Kandilli Rasathanesi'nin kaydettiği deprem sayılarından bahseden Özener, "Biliyorsunuz, bundan iki gün önce de 4.7'lik bir deprem ile karşı karşıya gelmiştik. Öncelikle bu deprem İstanbul başta olmak üzere, Tekirdağ ve civar illerde hissedildi. Birkaç slayt hazırladık daha iyi anlaşılması için deprem sürecinin. Bildiğiniz üzere BOUN Kandilli Rasathanesi ve Deprem araştırma Enstitüsü olarak 1895'den beri deprem gözlemleri yapıyoruz. ABD'den 2 yıl önce. Şu an Kuzey Anadolu Fayının Marmara Denizi'nden geçen bölümündeki son 30 yıllık Kandilli gözlemleri ile bazı sayılar göstermek istiyorum. Gördüğünüz gibi Marmara Denizi içinde Kuzey Anadolu fayının, son 30 yılda, 3,5-4 büyüklüğü arasında tam 253 tane deprem kaydedildi.  Son 30 yıldaki 4 ila 4,5 büyüklüğündeki depremlere bakarsak, 100 tane depreme maruz kalmış bu oran. Depremlerin daha çok Doğu ve Batı segmentlerinde olduğunu söylemek mümkün. Orta segmentte nispeten az deprem görüyoruz. Son 4 günde olan depremlerin de bu orta segmentin yakınında, hemen üstünde kuzeyinde olduğunu, kimi depremlerin de ana segmente yaklaştığını görüyoruz.  Son 4 günlük deprem aktivitelerine yine baktığımız zaman bu slayt hazırlanırken 183 tane deprem vardı, şu anda 200'ün üzerinde deprem kaydettik. Bu da dakikalar geçtikçe artıyor doğal olarak" dedi.

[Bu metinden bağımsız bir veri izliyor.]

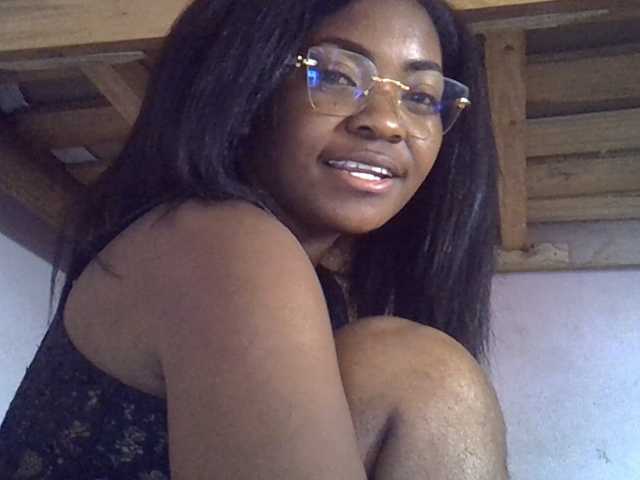 Angelinah75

"DEPREMLERİN ANA FAYA YAKLAŞMASI, KUŞKU OLUŞTURABİLİR"
Marmara'da meydana gelen son 4 depreme dikkat çeken Özener, "Öncelikle 5,7 ve onun artçısı olan 4,7 depremlerinin olduğu yer, ana fayın kuzeyinde olan depremler. Bundan sonra olan bazı depremlere baktığımız zaman, artçı şokların Güneye-Doğuya doğru ilerlediğini ve 4,4'lük bir artçı şokun da ana fayın üstünde olduğunu görebiliyoruz. Dolayısıyla yapmamız gereken bu artçı şokları ve olan depremleri sürekli izlemek ve gelişimlerini takip etmek. Herhangi bir ekstra durum olduğunda, örneğin depremlerin ana faya yaklaşması, bizde başka kuşkularda oluşturabilir. Dolayısıyla bu ana faya sirayet edip etmediğini depremlerin, çok net olarak gözlemlememiz gerekiyor" ifadelerini kullanıldı.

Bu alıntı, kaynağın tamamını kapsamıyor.